Start of ENTRIES PROVIDED

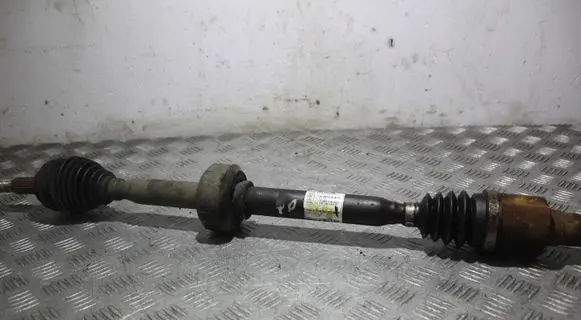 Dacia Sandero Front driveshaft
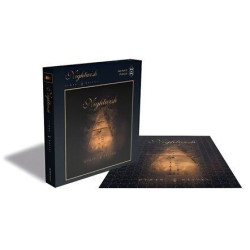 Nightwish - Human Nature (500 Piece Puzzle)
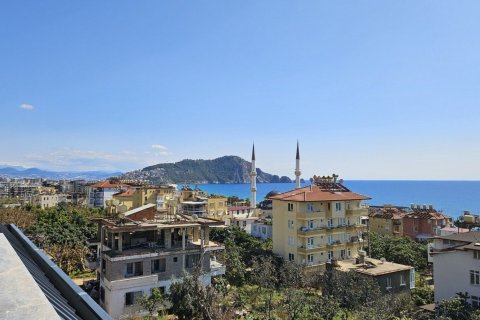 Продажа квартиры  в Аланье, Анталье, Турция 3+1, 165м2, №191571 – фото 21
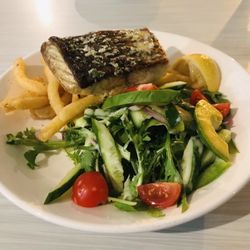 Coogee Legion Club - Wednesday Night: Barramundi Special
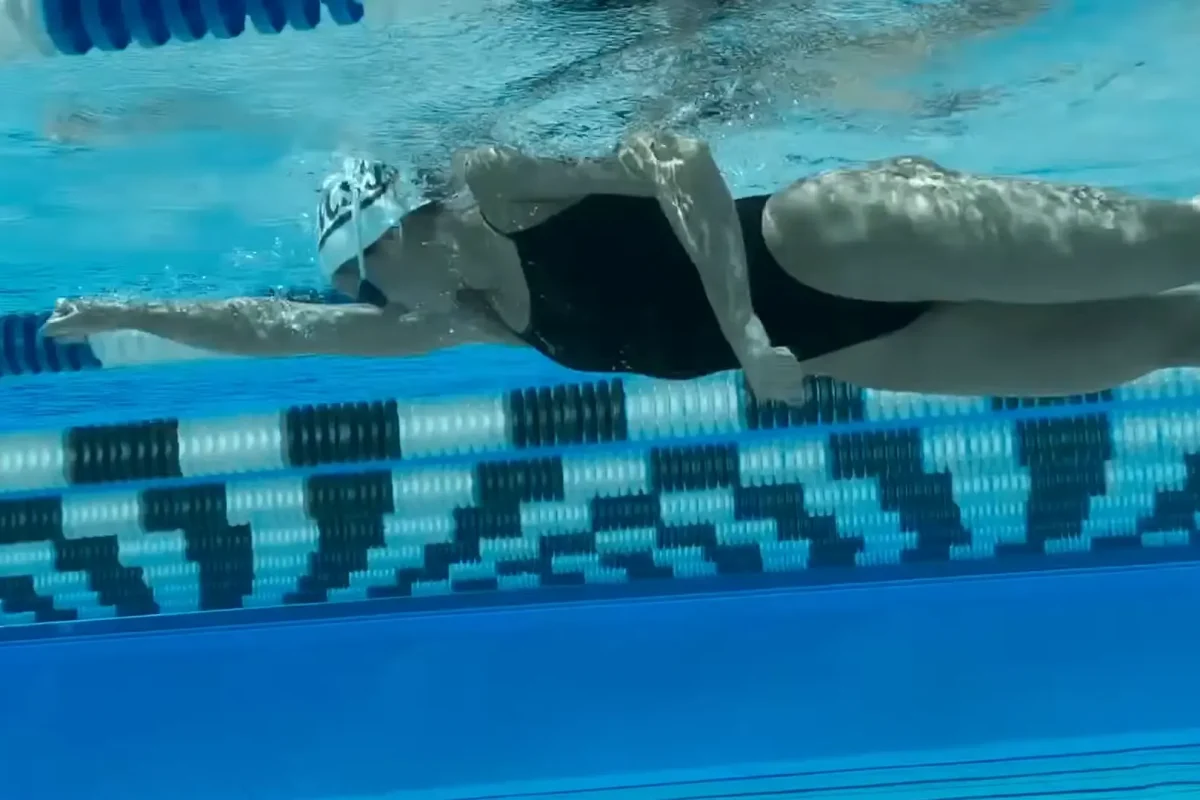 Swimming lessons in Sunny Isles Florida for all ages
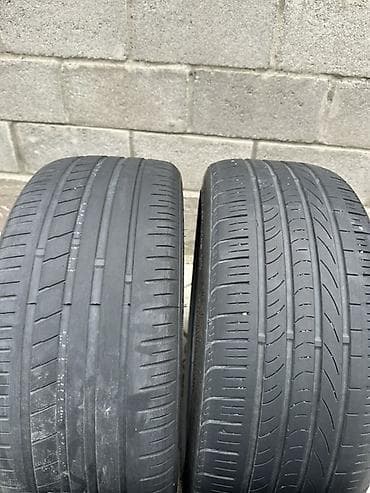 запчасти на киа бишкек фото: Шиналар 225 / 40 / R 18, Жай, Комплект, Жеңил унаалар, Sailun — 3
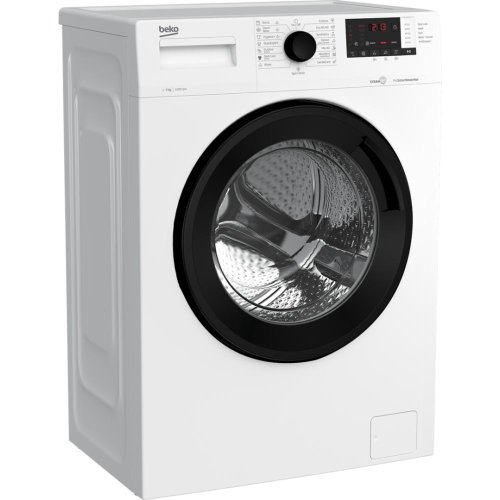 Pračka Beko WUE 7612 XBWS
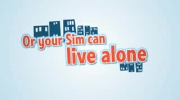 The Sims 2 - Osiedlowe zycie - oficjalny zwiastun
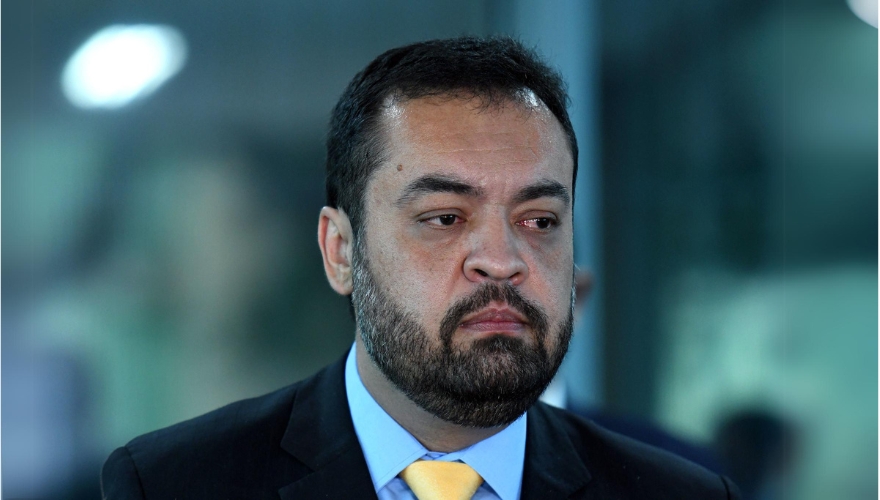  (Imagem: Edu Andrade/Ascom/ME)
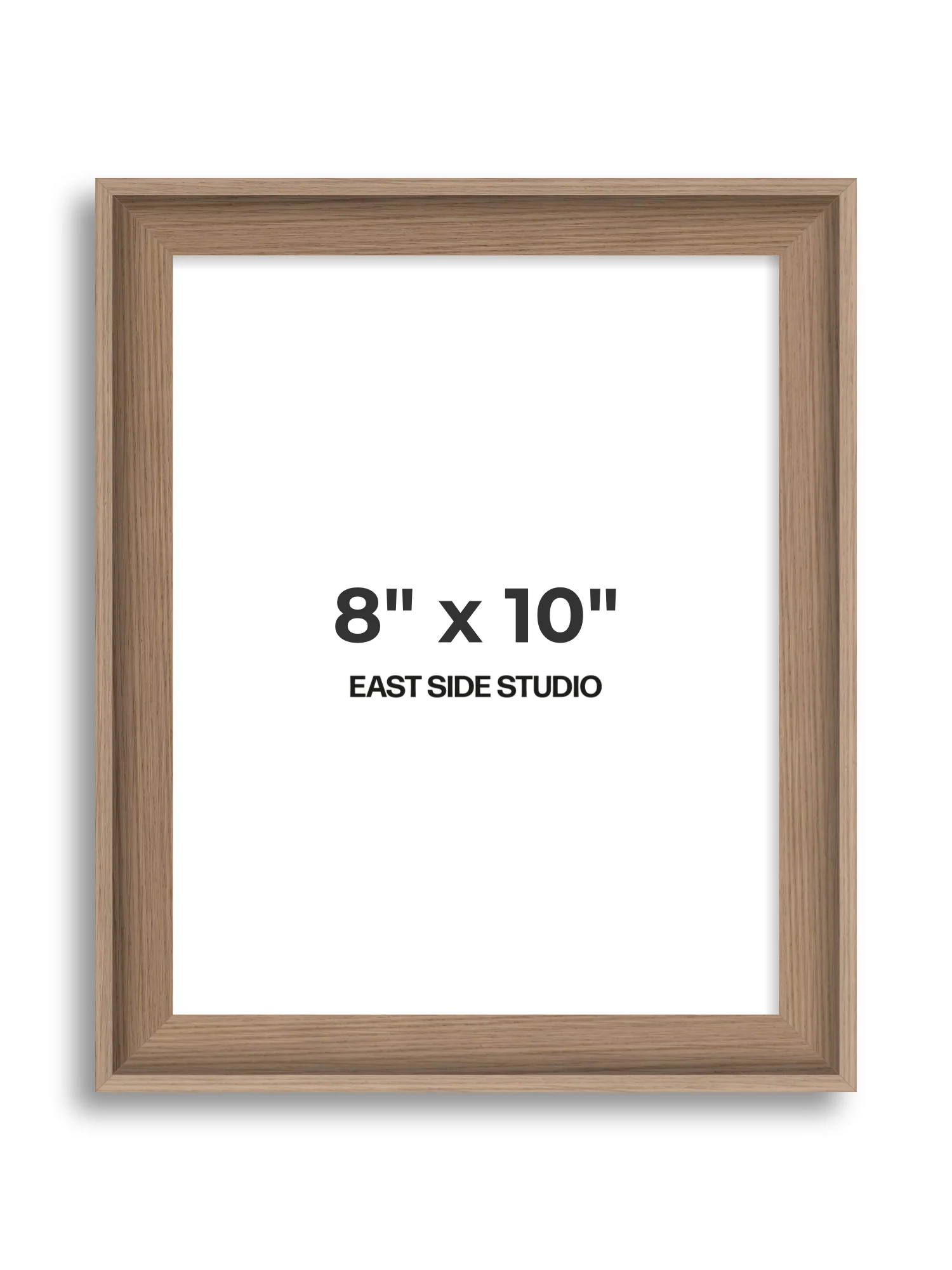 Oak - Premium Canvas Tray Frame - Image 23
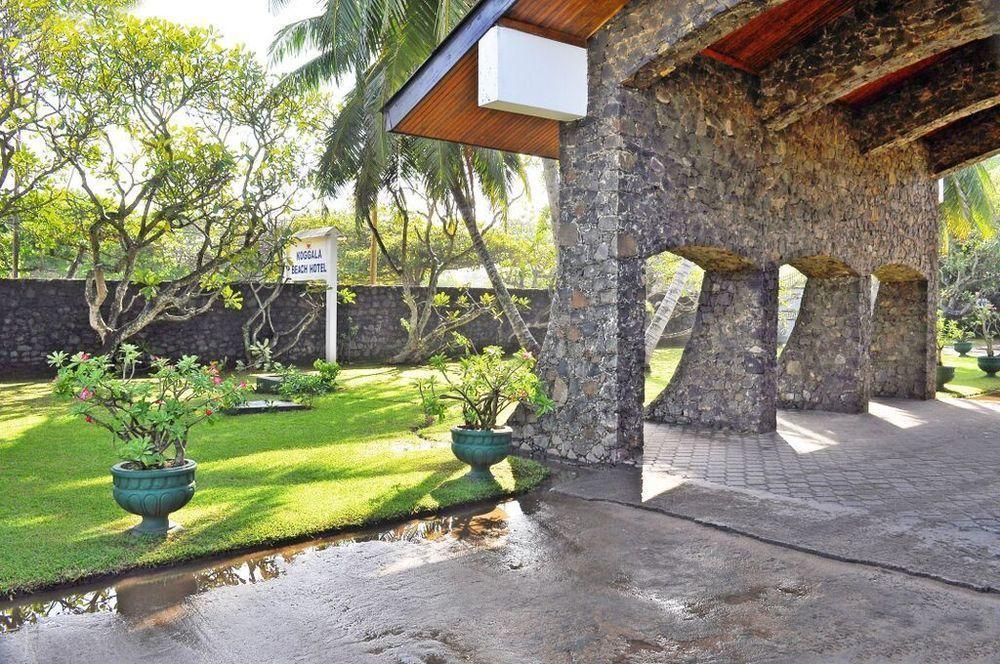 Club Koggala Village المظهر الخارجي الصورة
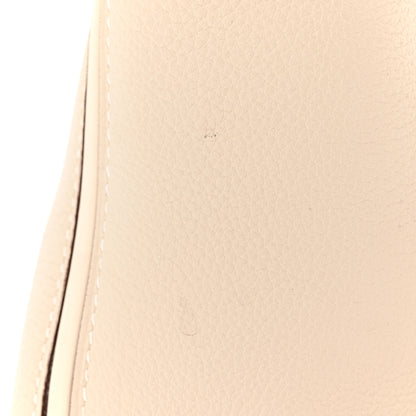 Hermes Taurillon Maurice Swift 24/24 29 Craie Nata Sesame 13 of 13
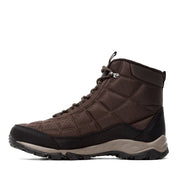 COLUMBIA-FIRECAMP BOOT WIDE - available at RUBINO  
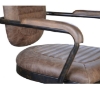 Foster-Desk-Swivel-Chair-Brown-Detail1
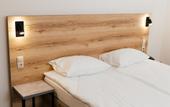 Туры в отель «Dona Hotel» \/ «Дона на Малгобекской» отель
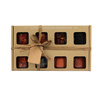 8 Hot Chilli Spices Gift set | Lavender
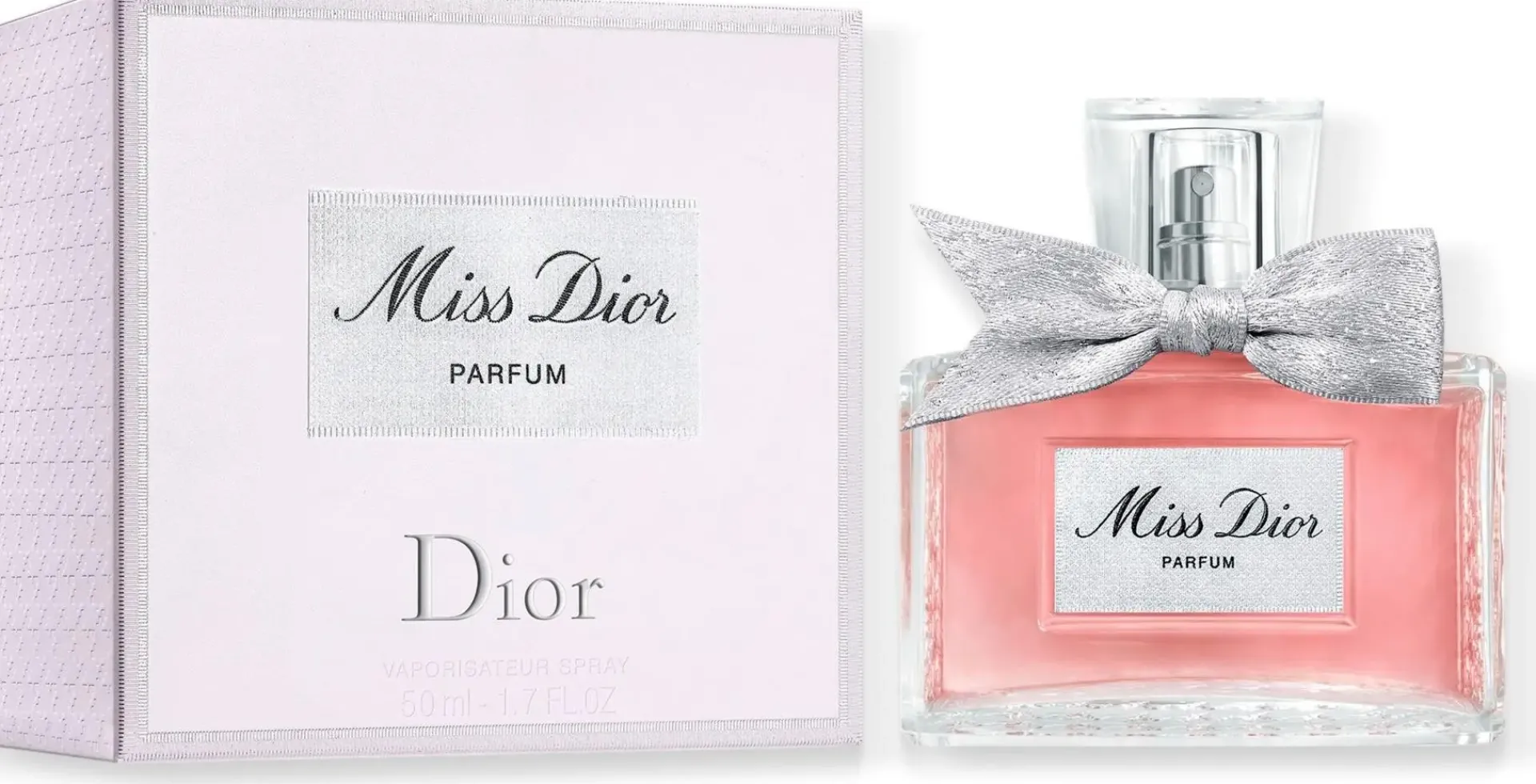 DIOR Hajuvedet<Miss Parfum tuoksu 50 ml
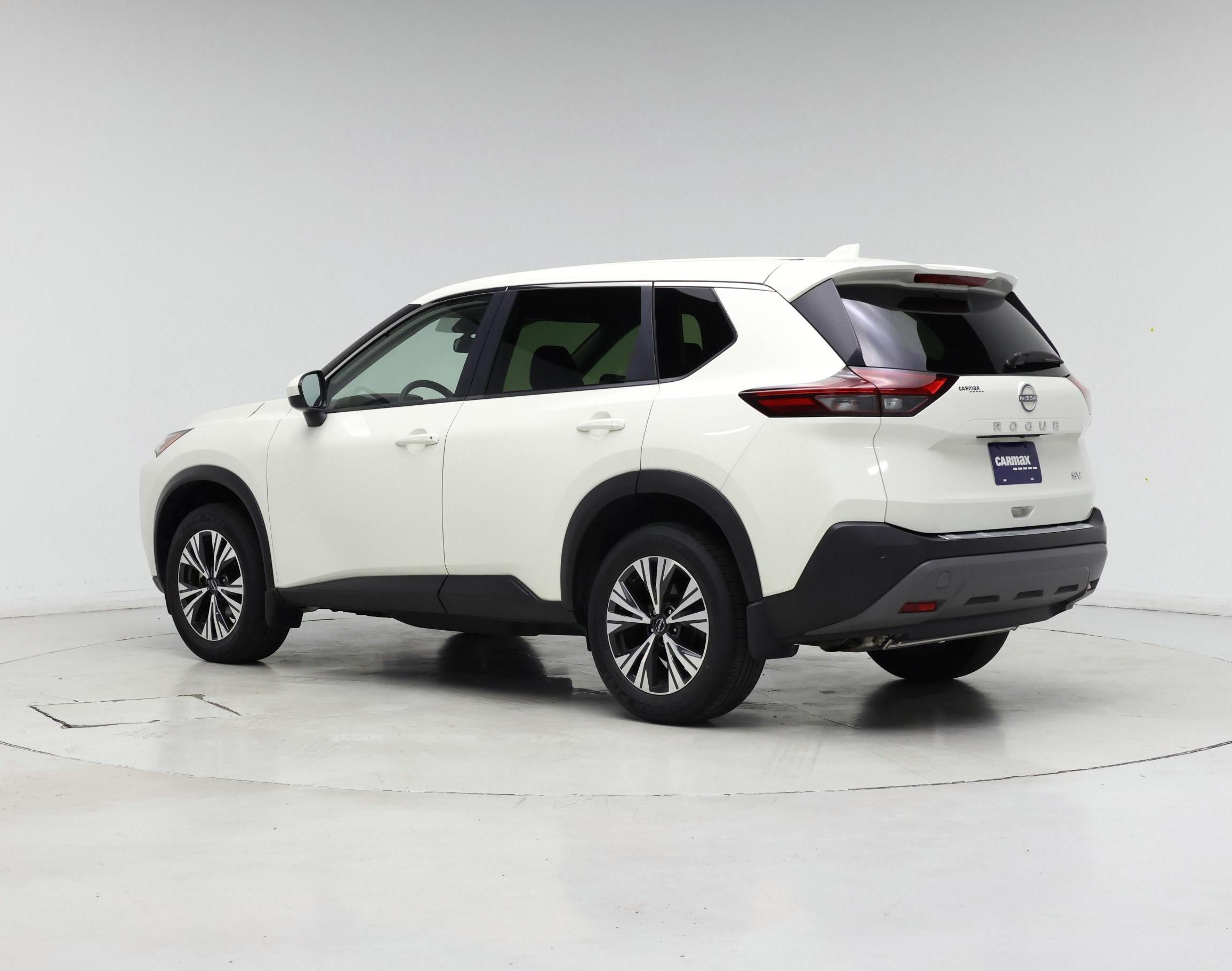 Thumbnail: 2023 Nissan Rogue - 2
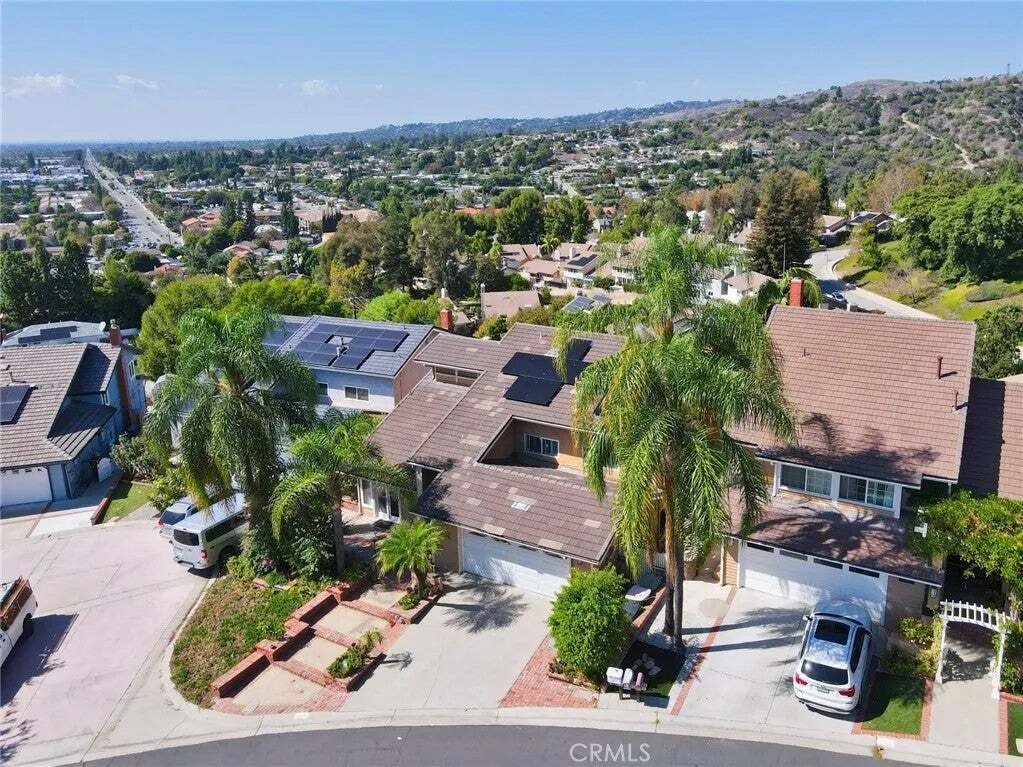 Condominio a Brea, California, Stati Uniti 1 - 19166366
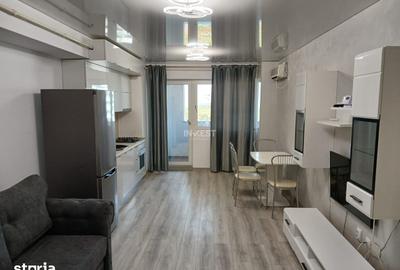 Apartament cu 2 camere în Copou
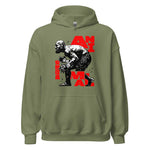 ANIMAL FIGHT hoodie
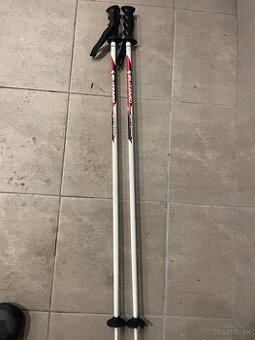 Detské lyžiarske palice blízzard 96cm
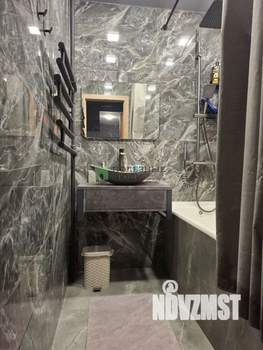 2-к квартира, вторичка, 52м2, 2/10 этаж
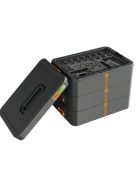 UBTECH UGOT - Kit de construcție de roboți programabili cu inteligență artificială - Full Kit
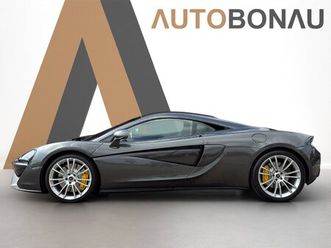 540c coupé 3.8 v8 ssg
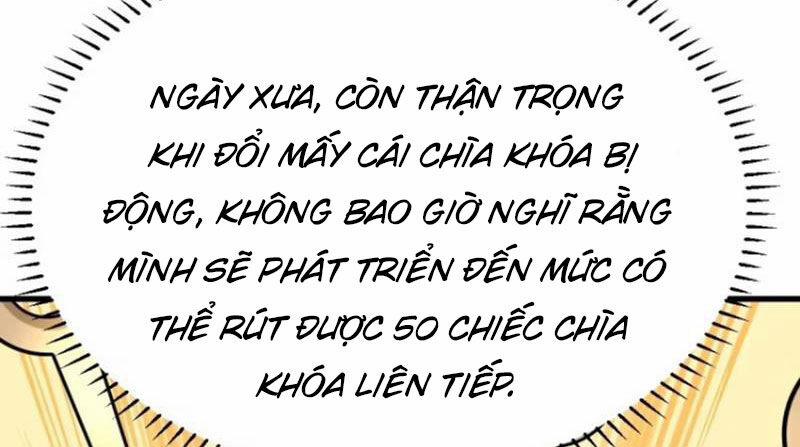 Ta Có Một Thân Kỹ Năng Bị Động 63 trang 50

End of ENTRIES PROVIDED

Print only the lines from the opening line of the listing to the line containing "Swimming lessons in", inclusive, exactly as they appear and without pictures.

 Dacia Sandero Front driveshaft
 Nightwish - Human Nature (500 Piece Puzzle)
 Продажа квартиры  в Аланье, Анталье, Турция 3+1, 165м2, №191571 – фото 21
 Coogee Legion Club - Wednesday Night: Barramundi Special
 Swimming lessons in Sunny Isles Florida for all ages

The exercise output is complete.